* **Task statement**:
The entries below are to be reproduced exactly, with their pictures omitted.

* **Data provided**:
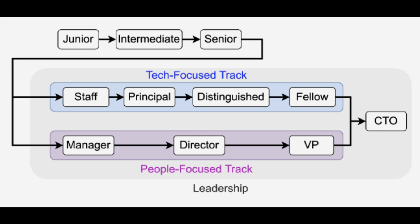In the people focus track, after senior software engineer you move into tech lead or team leader roles, then into management as an engineering manager, senior engineering manager, director of engineering, and finally vice president of a company. The key difference is that the tech focus track makes someone an individual contributor focused on technology, while the people focus track is about leadership and managerial roles. Importantly, both tracks can ultimately lead to becoming a CTO of a company.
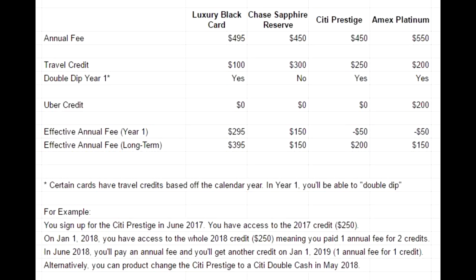So with the Luxury Black Card, both in year one and long-term, you're paying more money than any of these other cards. And you're not getting a sign-up bonus, which is a really big consideration. In the past the Luxury Black Card did have a bonus, but right now it doesn't. If you consider the sign-up bonuses for the Chase Sapphire Reserve or the Citi Prestige, that could easily be $500 to $1,000 in value. To improve this card, they need to add a sign-up bonus and make the travel credit bigger.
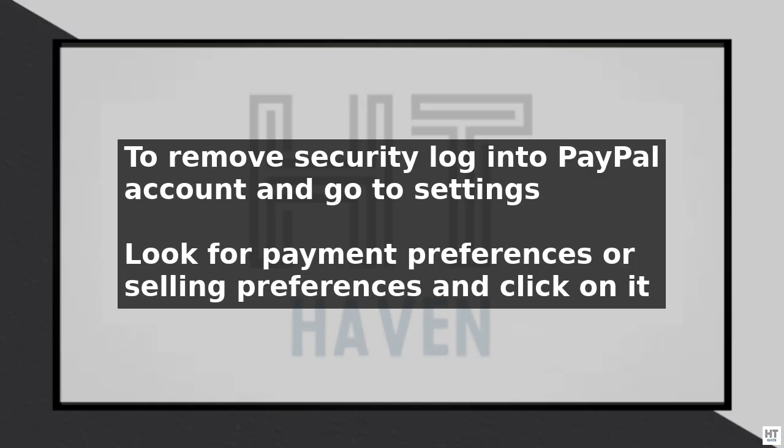If you are a seller, you may see an option that says require immediate payment or payment upon invoice. Uncheck this option to remove the payment security.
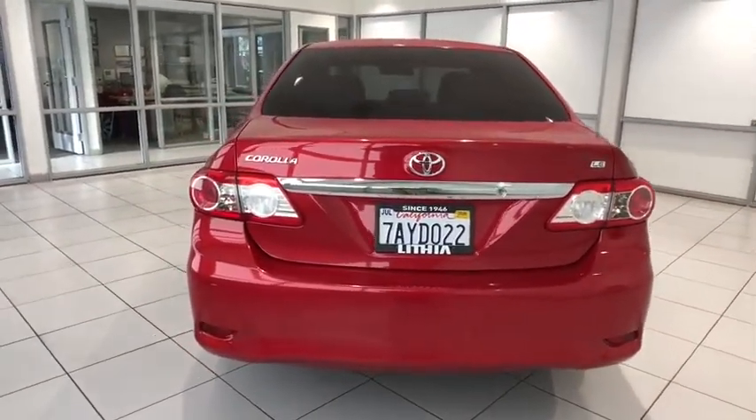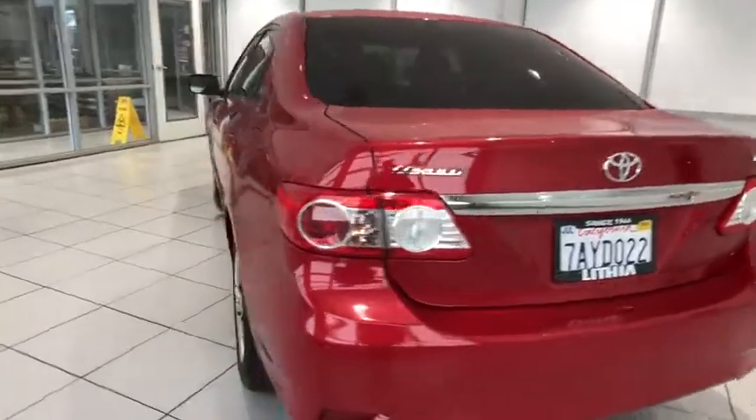Searching for a dependable vehicle that looks great, too? You found it, so stop in today.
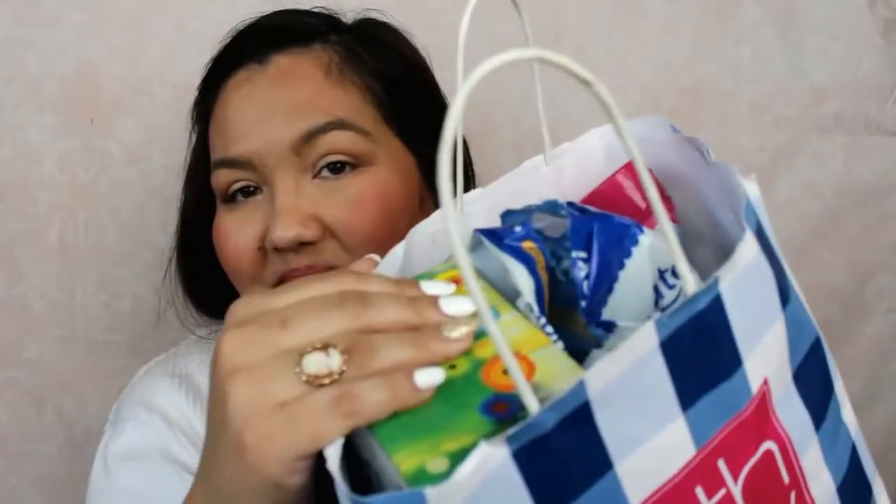Hi everyone, it's Alex and today I have my November empties with you. I got them all here in my Bath and Body Works bag and I'm just going to go through everything with you. It's kind of some of the same usual stuff that you see.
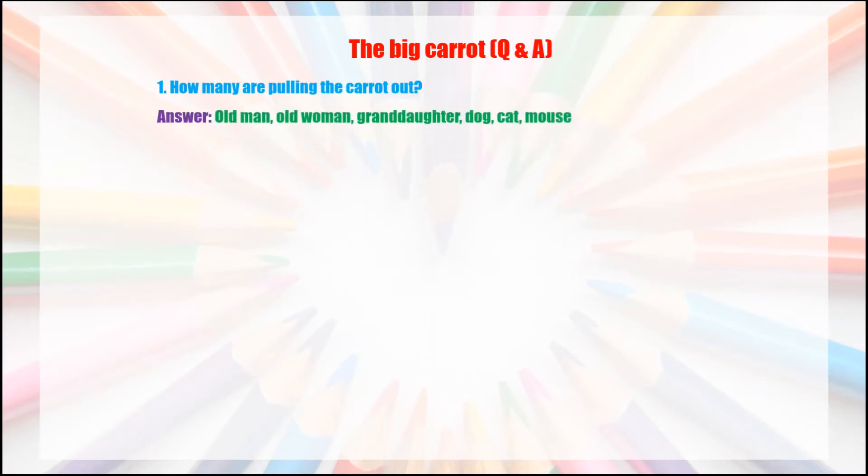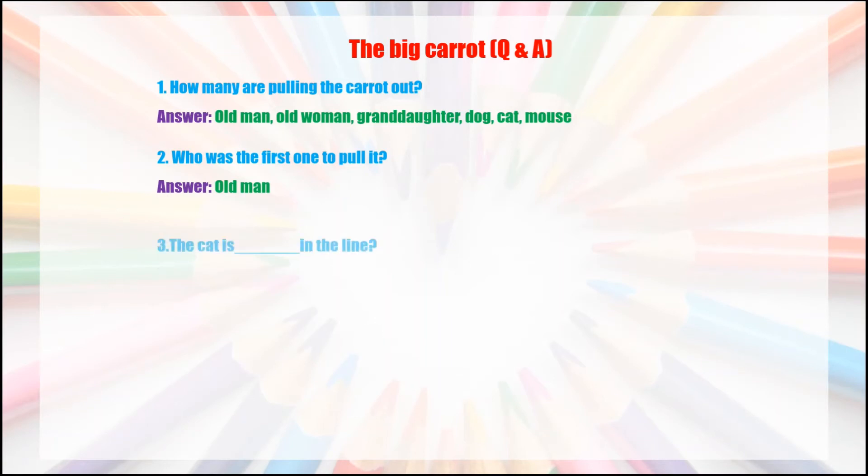Answer: old man, old woman, granddaughter, dog, cat, and mouse. Question two: who was the first one to pull the carrot? Question three: who is in the line? Answer: the cat is fifth in the line.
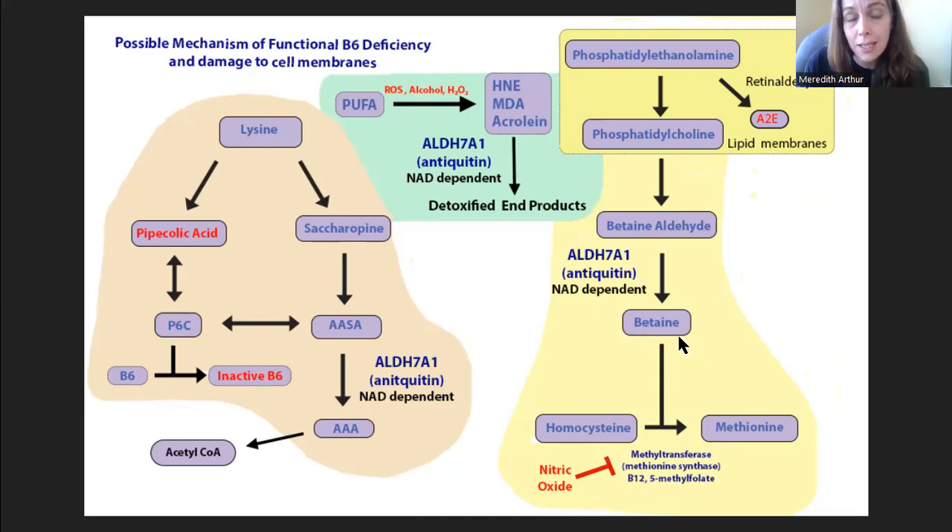We can eat betaine in our diet if we're not on a gluten-free or low-oxalate diet, because it's found mostly in whole grain wheat products, quinoa, and small amounts in oats — you'd want organic oats because of glyphosate. It's also in beets, but beets are high in oxalate. So you may or may not be getting enough betaine in your diet, especially if you're under high amounts of nitric oxide.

* **Result below**:
In the people focus track, after senior software engineer you move into tech lead or team leader roles, then into management as an engineering manager, senior engineering manager, director of engineering, and finally vice president of a company. The key difference is that the tech focus track makes someone an individual contributor focused on technology, while the people focus track is about leadership and managerial roles. Importantly, both tracks can ultimately lead to becoming a CTO of a company.
So with the Luxury Black Card, both in year one and long-term, you're paying more money than any of these other cards. And you're not getting a sign-up bonus, which is a really big consideration. In the past the Luxury Black Card did have a bonus, but right now it doesn't. If you consider the sign-up bonuses for the Chase Sapphire Reserve or the Citi Prestige, that could easily be $500 to $1,000 in value. To improve this card, they need to add a sign-up bonus and make the travel credit bigger.
If you are a seller, you may see an option that says require immediate payment or payment upon invoice. Uncheck this option to remove the payment security.
Searching for a dependable vehicle that looks great, too? You found it, so stop in today.
Hi everyone, it's Alex and today I have my November empties with you. I got them all here in my Bath and Body Works bag and I'm just going to go through everything with you. It's kind of some of the same usual stuff that you see.
Answer: old man, old woman, granddaughter, dog, cat, and mouse. Question two: who was the first one to pull the carrot? Question three: who is in the line? Answer: the cat is fifth in the line.
We can eat betaine in our diet if we're not on a gluten-free or low-oxalate diet, because it's found mostly in whole grain wheat products, quinoa, and small amounts in oats — you'd want organic oats because of glyphosate. It's also in beets, but beets are high in oxalate. So you may or may not be getting enough betaine in your diet, especially if you're under high amounts of nitric oxide.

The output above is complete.